Kevin O'Kane is a retired professor who taught computer science at University of Northern Iowa, as well as teaching at state universities in Alabama, Tennessee, and Ohio. He attended Boston College as an undergraduate and then went to Pennsylvania State University, where he earned a doctorate in computer science in 1972.
O'Kane recently gave $1.3 million to support scholarships for students in computer science, chemistry, and physics. Given O'Kane's background, supporting STEM students makes sense. But if you're imagining that O'Kane's funds went to one of the universities where he taught you'd be wrong. You'd also be wrong if you guessed that O'Kane's alma maters, Boston College and Penn State, received his money. No, rather, Providence College in Rhode Island was named the sole beneficiary of O'Kane's retirement plan, valued at $1.3 million. Providence is a school where O'Kane never taught or even was a student.
Before we move on, I should mention that we've been writing about college and university professors as donors for a while now. One case I wrote about last year involved a longtime Villanova professor who, along with his family, gave back to his school. I've also written about an endowed chair created by a former student turned faculty member. Both of these stories involved professors who were on the ground at their school for years and were deeply familiar with it.
- University Professor as Donor: A Case Study at Villanova
- Behind a Gift for an Endowed Chair: A Law Student Turned Faculty Member Turned Donor
Now let's go back to the case of Kevin O'Kane, who can't say he taught at or was a student at Providence College at all. What's the story here?
Well, for starters, when O'Kane retired in 2013, he moved back to his family home in Hyannis, Massachusetts, which isn't too far from Providence. As Kane puts it, he started thinking deeply about what he wanted to do with his retirement account. He was single with no children, and deceased parents: “After all these years teaching and not spending anything — you don’t spend much money in Iowa in the winter, believe me — the question was, ‘Who I am going to give this to?"
Kane initially considered giving funds to the Catholic church. He also considered Catholic high schools and colleges in New England. He combed through websites, reviewed governance plans and evaluated how these institutions were fulfilling their missions. Ultimately, Providence College caught his attention, particularly because it was an undergraduate school that taught computer science. O'Kane visited Providence College in the fall of last year and as he puts it: “The visit impressed me a great deal. I saw the crucifix everywhere. There was never a place I went where I wasn’t aware that I was on a Catholic campus."
O'Kane reached out to the Office of Institutional Advancement, asked how to endow a scholarship, and the rest is history.

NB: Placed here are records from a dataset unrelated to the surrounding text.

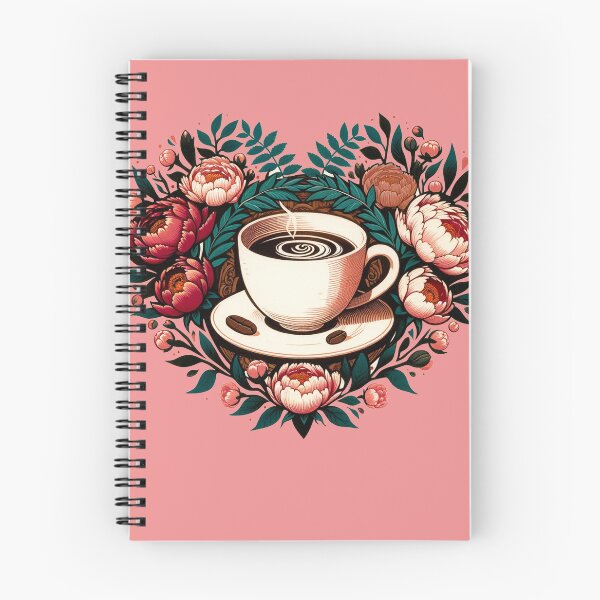 Item preview, Coffee Lovers designed and sold by FrictionMaxxing.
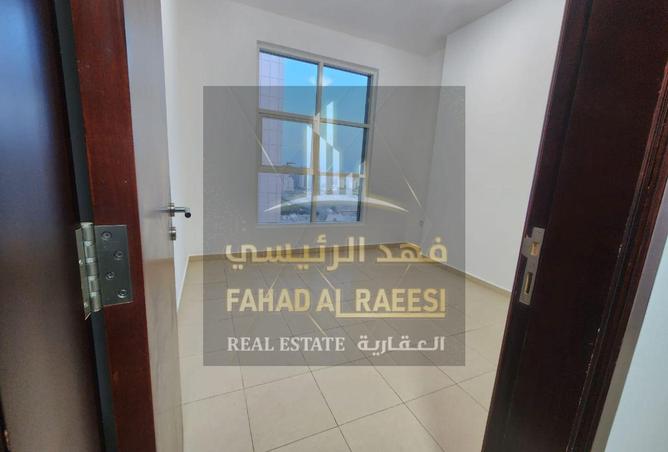 14839347 - صورة العقار 2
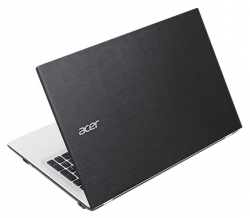 Acer Aspire E5-532-C3L6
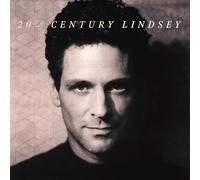 20th Century Lindsey (4lp)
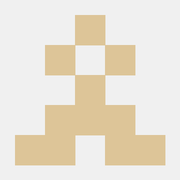 CKzhaowei的个人资料头像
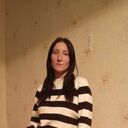 ���������� ������, ���� ������� ���, 27 ���, ������������ ��� ������, ����� � ���������, ���������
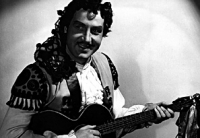 Melis Gy&ouml;rgy eml&eacute;k&eacute;re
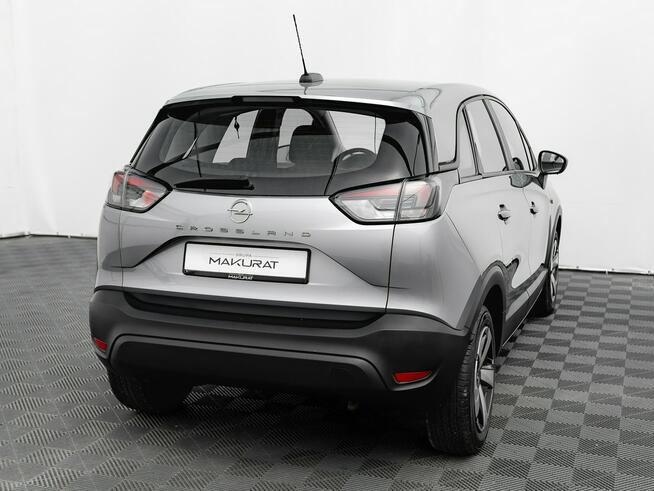Opel Crossland DW6SL18#1.2 Edition LED Ekran dotykowy Salon PL VAT 23%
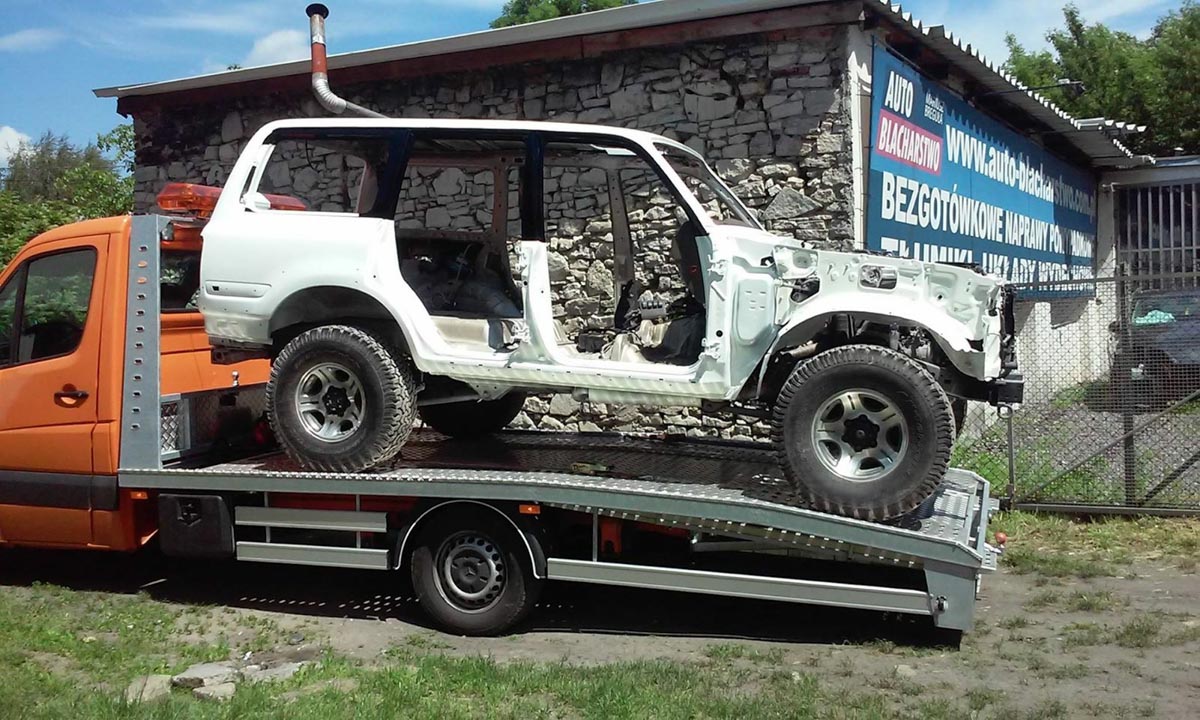fzj_stageII_-33.jpg
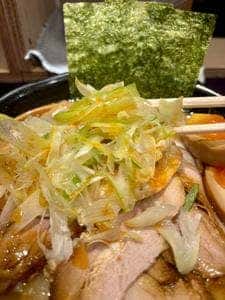 麺処 神田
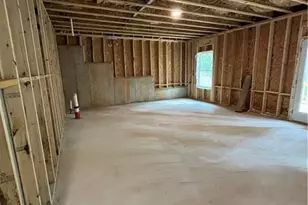 4524 Ajo Walk, Atlanta, GA 30331 - Photo 13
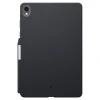 Чехол Spigen Nano Pop для Samsung Galaxy Tab S11 11.0 Black Sesame (ACS10214)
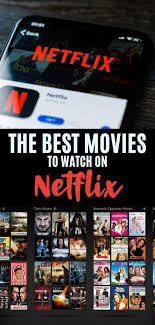 Any plans you have, watch 365 days right now,. Pin On Wish List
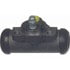 WC134318 by WAGNER - Wagner WC134318 Brake Wheel Cylinder Assembly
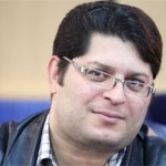 سید احمد رییس السادات تخصص پزشکی فیزیکی و توانبخشی تهران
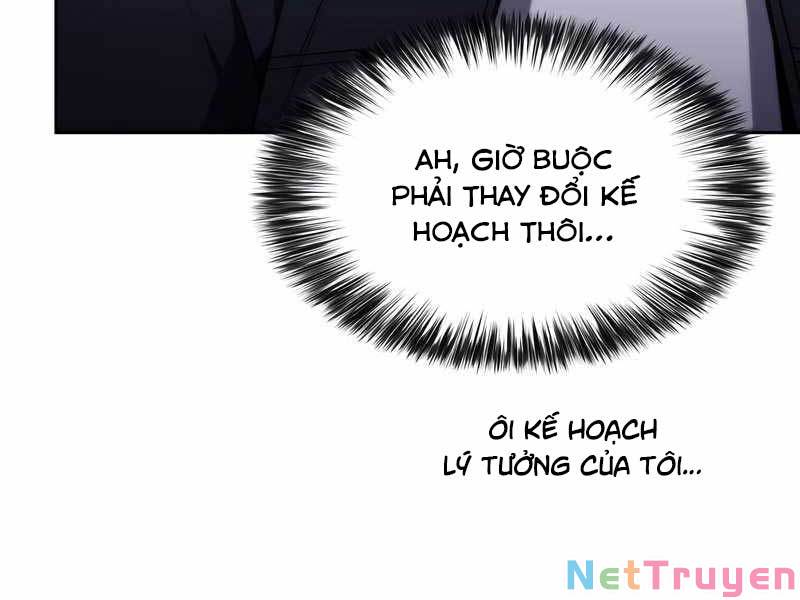 Tôi Là Tân Thủ Có Cấp Cao Nhất Chapter 59 - Trang 2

It's also worth noting that O'Kane does have some personal connections to Providence College. His father was a student at the college before transferring to Georgetown, and his late uncle studied at the college before going to law school. Still, it's worth repeating: O'Kane had never even been on Providence College's campus until the fall of 2014. Clearly, Providence College's mission was in line with O'Kane's beliefs and interests.
Recently retired donors are often particularly reflective and seeking institutions to leave their legacy. As we've seen time and again, this often involves institutions that donors have been tied to for decades. Other times, as this interesting story proves, it comes down to an institution and a donor simply being on the same wavelength. O'Kane, despite seemingly more personal ties elsewhere, really seemed unsure of where to send his money until he stumbled upon Providence.
As college president Rev. Brian J. Shanley puts it, O'Kane has "identified and eloquently described the unique characteristics of the Providence College experience, rooted in the principles and ideals that align so nicely with his own, and his gift will have a meaningful, lasting impact on the College and its students. We are grateful beyond words.”